**Pictures with short captions:**
====
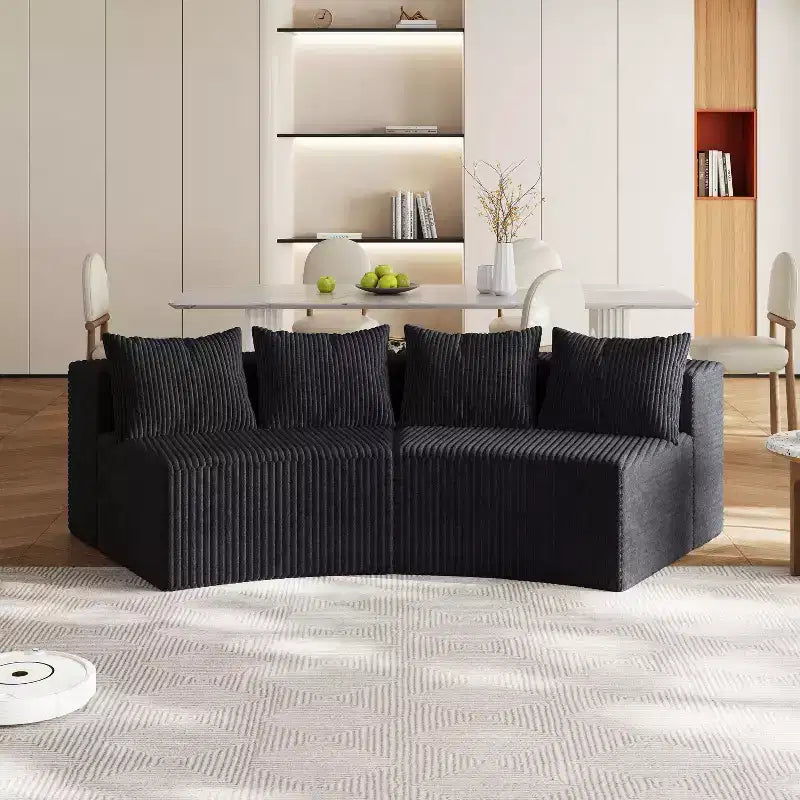 Divano componibile semicircolare simmetrico in velluto a coste con 4 cuscini – Design modulare per camera da letto, soggiorno, ufficio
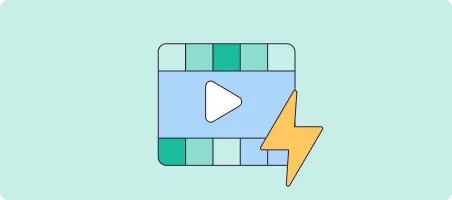 Video player icon with a play button and a yellow lightning bolt on a light blue background.
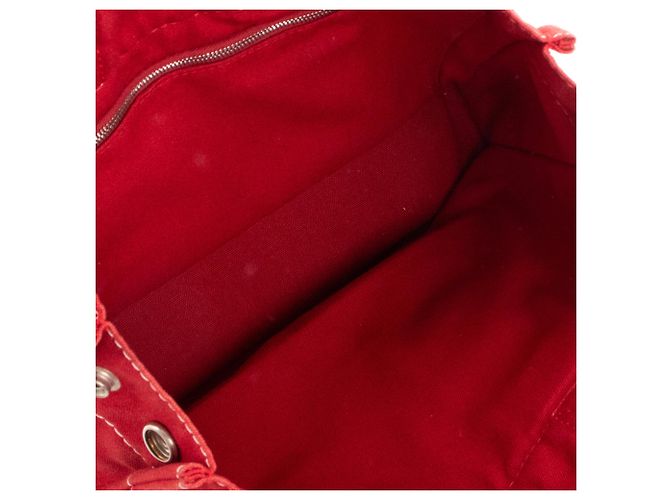 HERMÈS - Toto Hermès Rote Canvas-Tasche - Ansicht 8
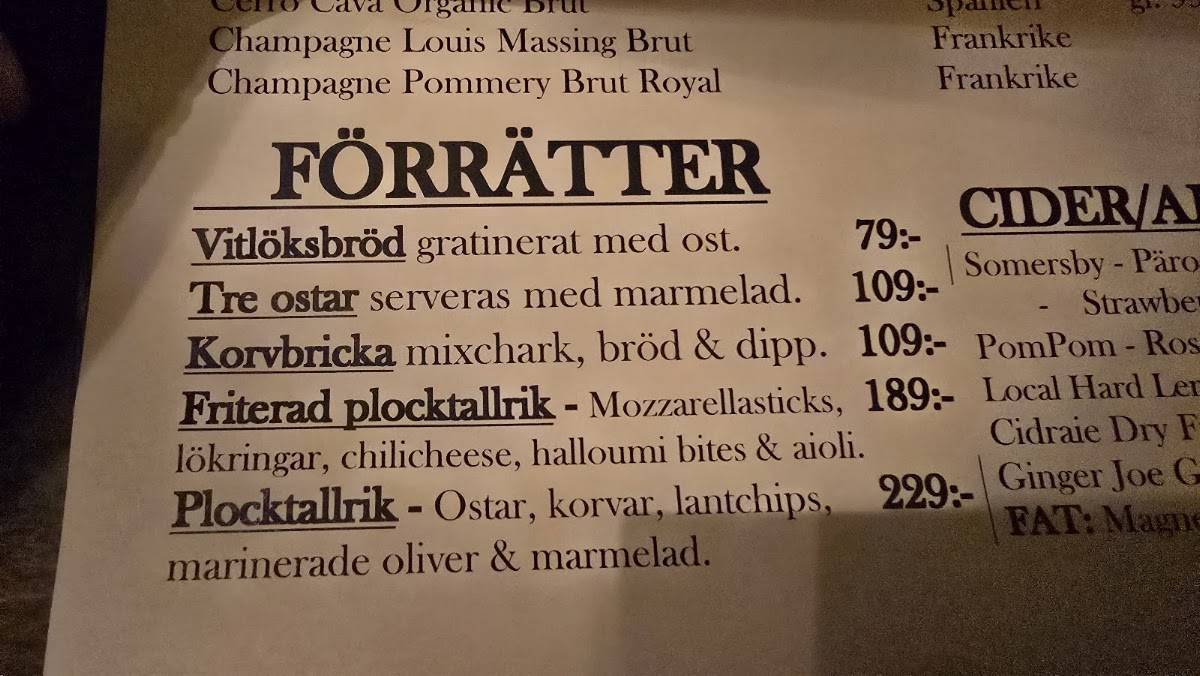 Trivs pub & restaurang меню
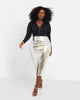 Lana Metallic Zipper Front Midi Bodycon Skirt - Silver Croc - thumbnail
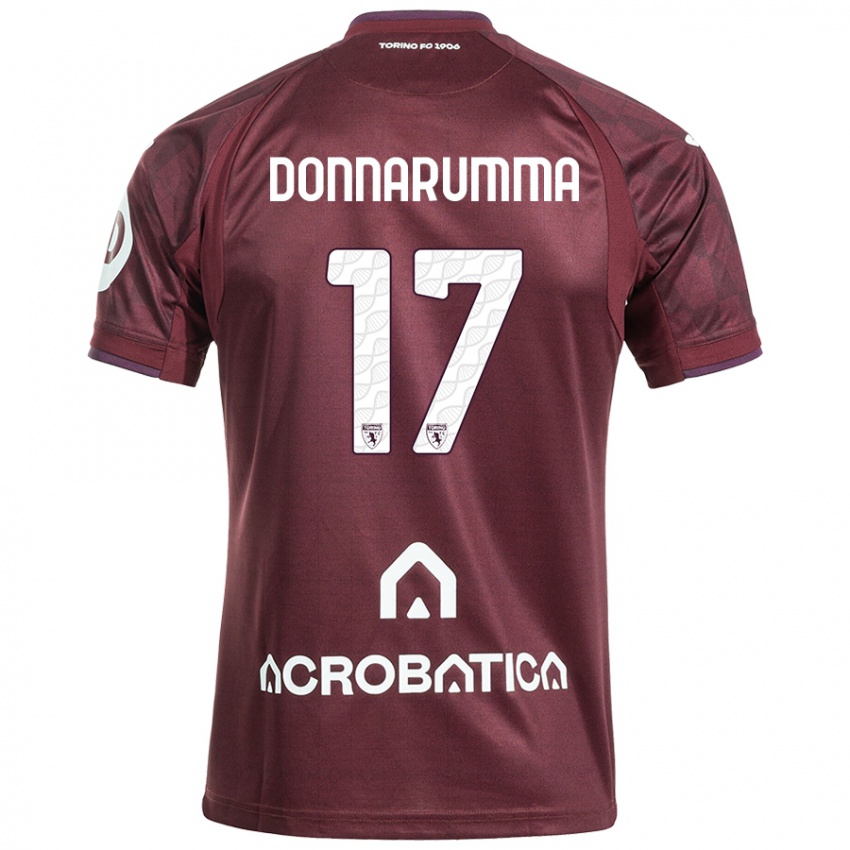 Kinder Antonio Donnarumma #17 Kastanienbraun Weiß Heimtrikot Trikot 2024/25 T-Shirt Österreich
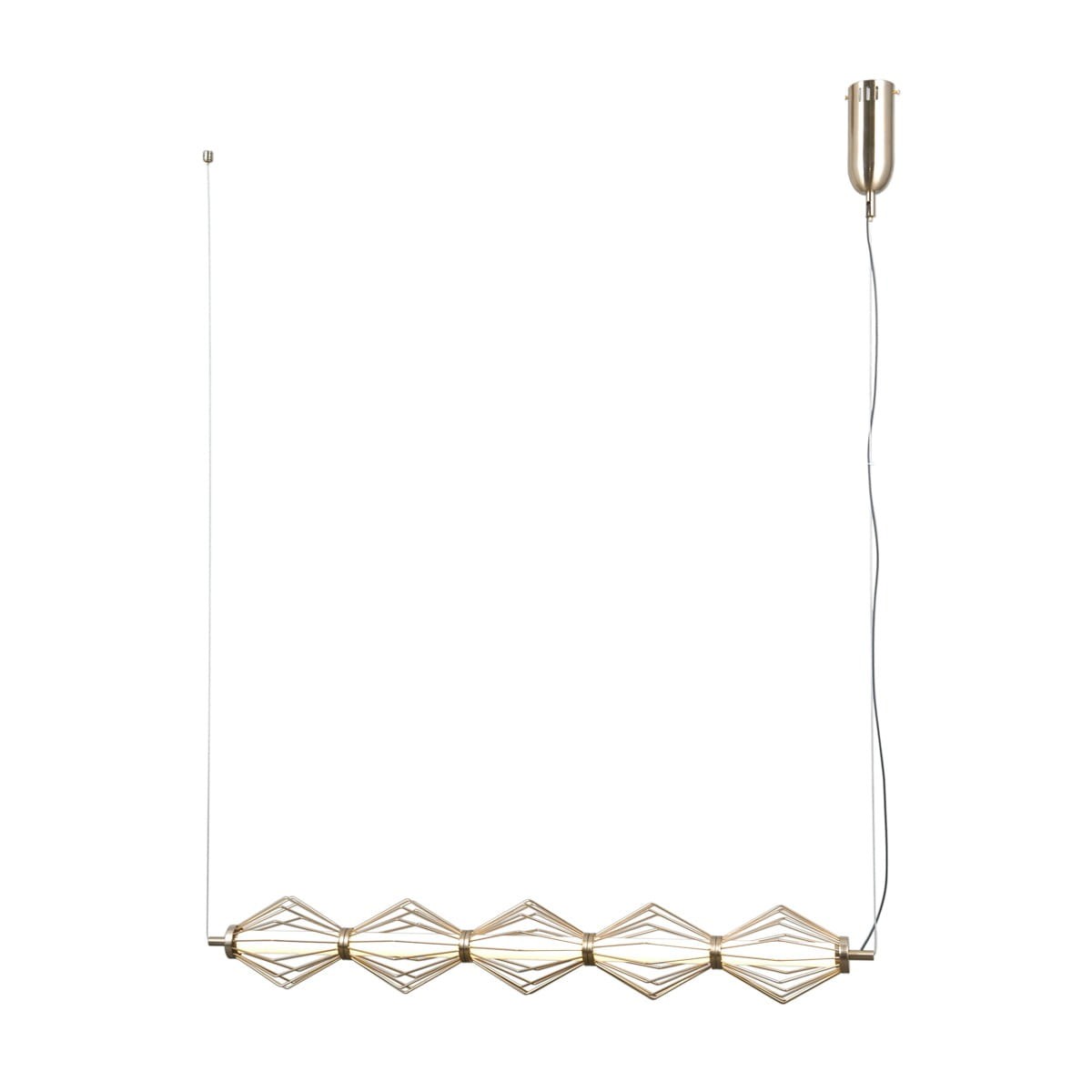 Lampa wisząca Sevil z pięcioma źródłami LED 25W, w kolorze złotym. Posiada geometryczny kształt z diamentowymi akcentami. Zawieszona na cienkim przewodzie, idealna do nowoczesnych wnętrz.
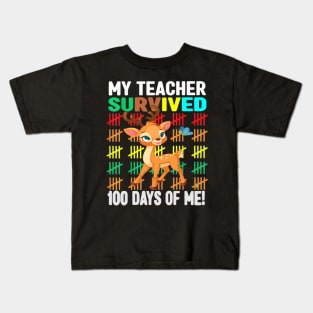 My Teacher Survived 100 Days Of Me Funny 100th Day Of School Kids T-Shirt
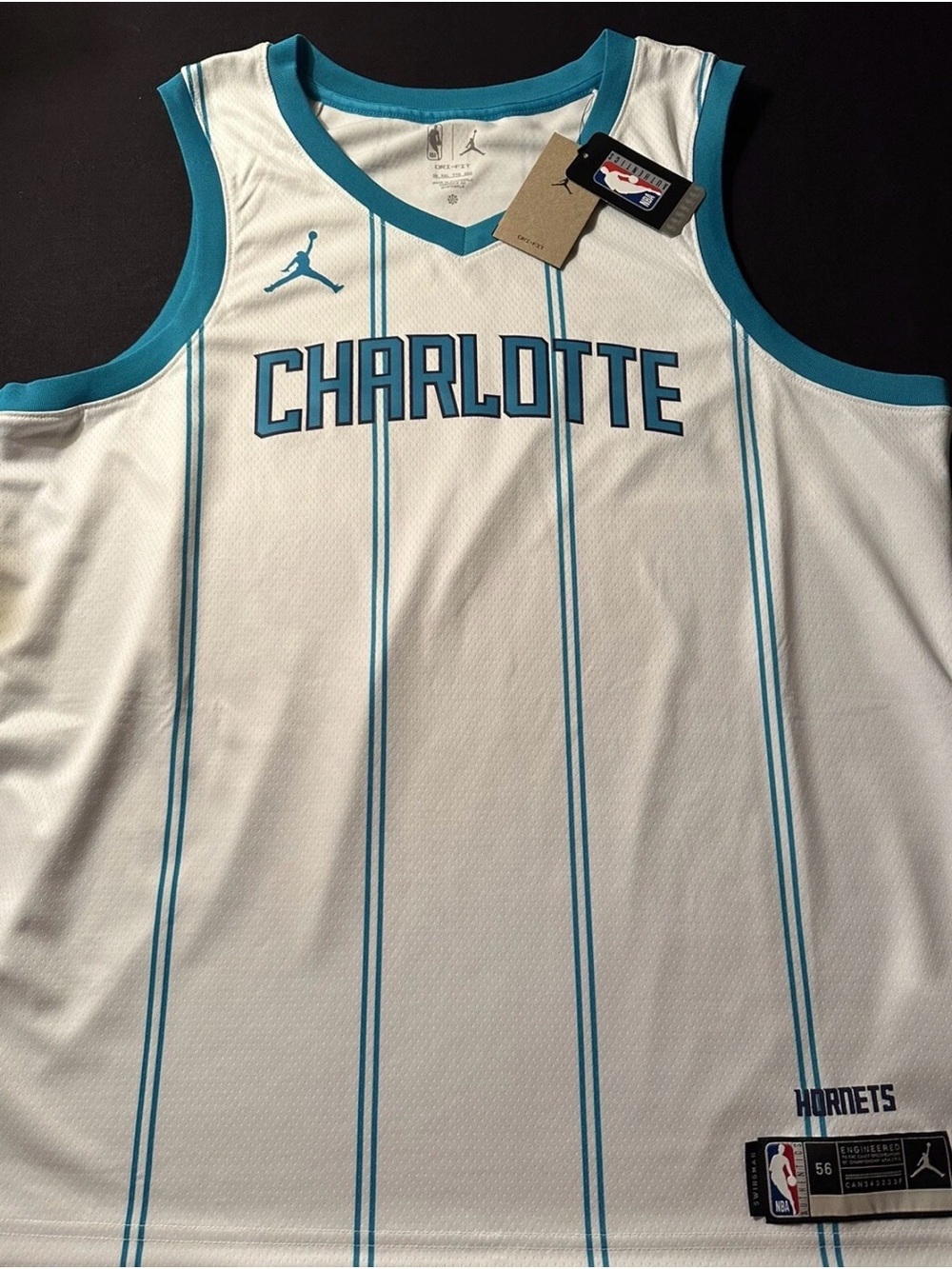 Nike/Jordan Charlotte Hornets Icon White & Teal Swingman Jersey XXL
====
**EXERCISE PROMPT:**
For every entry, return its exact wording and leave out any image.

**RESULT OF THIS TASK:**
 Divano componibile semicircolare simmetrico in velluto a coste con 4 cuscini – Design modulare per camera da letto, soggiorno, ufficio
 Video player icon with a play button and a yellow lightning bolt on a light blue background.
 HERMÈS - Toto Hermès Rote Canvas-Tasche - Ansicht 8
 Trivs pub & restaurang меню
 Lana Metallic Zipper Front Midi Bodycon Skirt - Silver Croc - thumbnail
 Kinder Antonio Donnarumma #17 Kastanienbraun Weiß Heimtrikot Trikot 2024/25 T-Shirt Österreich
 Lampa wisząca Sevil z pięcioma źródłami LED 25W, w kolorze złotym. Posiada geometryczny kształt z diamentowymi akcentami. Zawieszona na cienkim przewodzie, idealna do nowoczesnych wnętrz.
 My Teacher Survived 100 Days Of Me Funny 100th Day Of School Kids T-Shirt
 Nike/Jordan Charlotte Hornets Icon White & Teal Swingman Jersey XXL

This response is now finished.